Search the records for the string "include", and show each line where it appears.

Saved data entries:
»»
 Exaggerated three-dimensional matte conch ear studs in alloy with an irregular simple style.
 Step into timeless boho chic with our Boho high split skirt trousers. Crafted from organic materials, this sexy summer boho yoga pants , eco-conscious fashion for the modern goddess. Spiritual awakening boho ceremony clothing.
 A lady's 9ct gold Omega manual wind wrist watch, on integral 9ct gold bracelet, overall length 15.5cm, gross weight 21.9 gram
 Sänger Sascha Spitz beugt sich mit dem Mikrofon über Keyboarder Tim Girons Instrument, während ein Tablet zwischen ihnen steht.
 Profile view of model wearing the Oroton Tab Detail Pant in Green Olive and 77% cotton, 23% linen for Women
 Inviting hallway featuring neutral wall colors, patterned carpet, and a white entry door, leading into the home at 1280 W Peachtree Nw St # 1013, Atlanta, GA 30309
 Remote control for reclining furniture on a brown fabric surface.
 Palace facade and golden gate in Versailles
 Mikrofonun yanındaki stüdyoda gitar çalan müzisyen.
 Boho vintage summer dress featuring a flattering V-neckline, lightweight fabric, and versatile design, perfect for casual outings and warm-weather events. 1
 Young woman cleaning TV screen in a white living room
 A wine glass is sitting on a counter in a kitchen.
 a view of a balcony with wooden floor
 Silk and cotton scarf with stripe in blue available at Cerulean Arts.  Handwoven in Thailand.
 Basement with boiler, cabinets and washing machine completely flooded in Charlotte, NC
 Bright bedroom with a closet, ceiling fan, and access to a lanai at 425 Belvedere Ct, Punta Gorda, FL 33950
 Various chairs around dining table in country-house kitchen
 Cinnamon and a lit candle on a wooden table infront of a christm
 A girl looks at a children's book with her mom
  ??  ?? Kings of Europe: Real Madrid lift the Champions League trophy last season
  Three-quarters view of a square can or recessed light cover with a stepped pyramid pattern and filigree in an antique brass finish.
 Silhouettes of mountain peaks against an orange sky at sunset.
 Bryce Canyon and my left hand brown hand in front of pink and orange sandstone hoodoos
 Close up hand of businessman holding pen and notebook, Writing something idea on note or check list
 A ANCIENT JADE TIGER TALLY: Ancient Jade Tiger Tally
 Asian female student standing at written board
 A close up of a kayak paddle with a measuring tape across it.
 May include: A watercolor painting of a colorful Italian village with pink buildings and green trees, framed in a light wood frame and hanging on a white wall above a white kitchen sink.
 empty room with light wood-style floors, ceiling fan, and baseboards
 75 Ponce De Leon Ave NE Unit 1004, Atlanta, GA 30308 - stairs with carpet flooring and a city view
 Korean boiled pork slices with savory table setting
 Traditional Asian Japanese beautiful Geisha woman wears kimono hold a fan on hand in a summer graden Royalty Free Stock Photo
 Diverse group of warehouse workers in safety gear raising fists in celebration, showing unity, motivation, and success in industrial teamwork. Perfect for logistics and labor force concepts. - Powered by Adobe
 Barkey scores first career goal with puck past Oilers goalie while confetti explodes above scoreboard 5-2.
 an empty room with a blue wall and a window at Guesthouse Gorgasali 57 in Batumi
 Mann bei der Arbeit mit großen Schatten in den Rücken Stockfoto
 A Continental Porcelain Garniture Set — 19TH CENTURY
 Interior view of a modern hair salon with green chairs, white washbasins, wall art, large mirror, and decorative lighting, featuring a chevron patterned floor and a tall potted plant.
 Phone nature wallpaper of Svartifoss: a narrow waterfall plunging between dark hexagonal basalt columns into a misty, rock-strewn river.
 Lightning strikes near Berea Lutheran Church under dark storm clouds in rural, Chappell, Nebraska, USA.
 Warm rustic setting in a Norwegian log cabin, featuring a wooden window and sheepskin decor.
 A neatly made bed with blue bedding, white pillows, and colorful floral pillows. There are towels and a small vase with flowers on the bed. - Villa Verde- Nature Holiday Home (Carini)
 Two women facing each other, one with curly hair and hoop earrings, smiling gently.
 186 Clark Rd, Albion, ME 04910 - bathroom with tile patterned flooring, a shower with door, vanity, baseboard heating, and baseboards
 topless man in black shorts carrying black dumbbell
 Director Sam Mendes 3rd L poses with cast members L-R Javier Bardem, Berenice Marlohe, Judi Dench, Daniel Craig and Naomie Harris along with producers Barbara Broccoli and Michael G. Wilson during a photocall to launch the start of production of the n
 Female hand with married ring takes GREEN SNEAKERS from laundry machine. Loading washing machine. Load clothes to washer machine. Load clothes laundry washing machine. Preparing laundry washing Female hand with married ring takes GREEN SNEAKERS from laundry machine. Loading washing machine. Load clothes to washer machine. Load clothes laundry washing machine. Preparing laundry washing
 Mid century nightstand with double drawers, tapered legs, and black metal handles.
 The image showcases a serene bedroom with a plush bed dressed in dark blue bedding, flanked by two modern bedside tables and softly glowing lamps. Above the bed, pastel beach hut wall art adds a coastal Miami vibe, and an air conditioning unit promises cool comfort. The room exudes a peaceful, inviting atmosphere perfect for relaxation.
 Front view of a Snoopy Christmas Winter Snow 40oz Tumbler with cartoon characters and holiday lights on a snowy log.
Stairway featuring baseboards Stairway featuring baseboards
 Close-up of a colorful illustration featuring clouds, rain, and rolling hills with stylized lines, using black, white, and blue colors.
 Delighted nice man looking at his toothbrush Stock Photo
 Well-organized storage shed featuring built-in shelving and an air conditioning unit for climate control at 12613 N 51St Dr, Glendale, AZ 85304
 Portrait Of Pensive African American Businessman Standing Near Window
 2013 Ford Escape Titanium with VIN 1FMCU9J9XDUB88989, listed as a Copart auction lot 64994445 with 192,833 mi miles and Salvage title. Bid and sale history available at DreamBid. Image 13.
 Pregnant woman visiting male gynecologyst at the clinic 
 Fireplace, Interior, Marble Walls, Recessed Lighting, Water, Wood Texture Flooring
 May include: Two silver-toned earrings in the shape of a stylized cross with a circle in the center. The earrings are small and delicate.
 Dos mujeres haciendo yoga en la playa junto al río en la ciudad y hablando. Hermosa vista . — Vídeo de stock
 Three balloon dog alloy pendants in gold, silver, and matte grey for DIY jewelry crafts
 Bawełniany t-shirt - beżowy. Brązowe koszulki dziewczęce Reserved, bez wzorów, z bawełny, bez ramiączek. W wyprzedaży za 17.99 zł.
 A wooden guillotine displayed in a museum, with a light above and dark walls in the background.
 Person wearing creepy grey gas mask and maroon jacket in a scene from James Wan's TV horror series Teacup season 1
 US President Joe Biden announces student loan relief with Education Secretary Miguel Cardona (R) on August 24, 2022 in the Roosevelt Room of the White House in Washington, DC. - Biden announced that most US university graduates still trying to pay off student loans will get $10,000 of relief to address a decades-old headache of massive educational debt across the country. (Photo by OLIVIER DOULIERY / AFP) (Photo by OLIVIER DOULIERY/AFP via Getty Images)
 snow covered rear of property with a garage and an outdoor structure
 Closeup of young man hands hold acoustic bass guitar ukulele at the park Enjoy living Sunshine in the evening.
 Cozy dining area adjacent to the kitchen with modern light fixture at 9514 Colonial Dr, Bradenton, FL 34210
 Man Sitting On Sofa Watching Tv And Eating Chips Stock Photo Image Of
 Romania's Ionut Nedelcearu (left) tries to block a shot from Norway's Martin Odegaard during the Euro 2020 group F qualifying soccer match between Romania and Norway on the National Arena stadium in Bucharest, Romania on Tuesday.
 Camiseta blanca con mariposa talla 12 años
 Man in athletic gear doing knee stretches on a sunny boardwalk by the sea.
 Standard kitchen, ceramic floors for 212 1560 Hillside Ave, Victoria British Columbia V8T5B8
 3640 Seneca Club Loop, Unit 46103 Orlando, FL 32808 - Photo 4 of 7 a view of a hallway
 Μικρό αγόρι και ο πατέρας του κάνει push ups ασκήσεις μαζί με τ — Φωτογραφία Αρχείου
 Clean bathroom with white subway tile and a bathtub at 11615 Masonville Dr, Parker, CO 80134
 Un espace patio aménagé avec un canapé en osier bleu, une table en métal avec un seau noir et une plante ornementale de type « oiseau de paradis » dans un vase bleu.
««
*EXERCISE RESPONSE:*
 May include: A watercolor painting of a colorful Italian village with pink buildings and green trees, framed in a light wood frame and hanging on a white wall above a white kitchen sink.
 May include: Two silver-toned earrings in the shape of a stylized cross with a circle in the center. The earrings are small and delicate.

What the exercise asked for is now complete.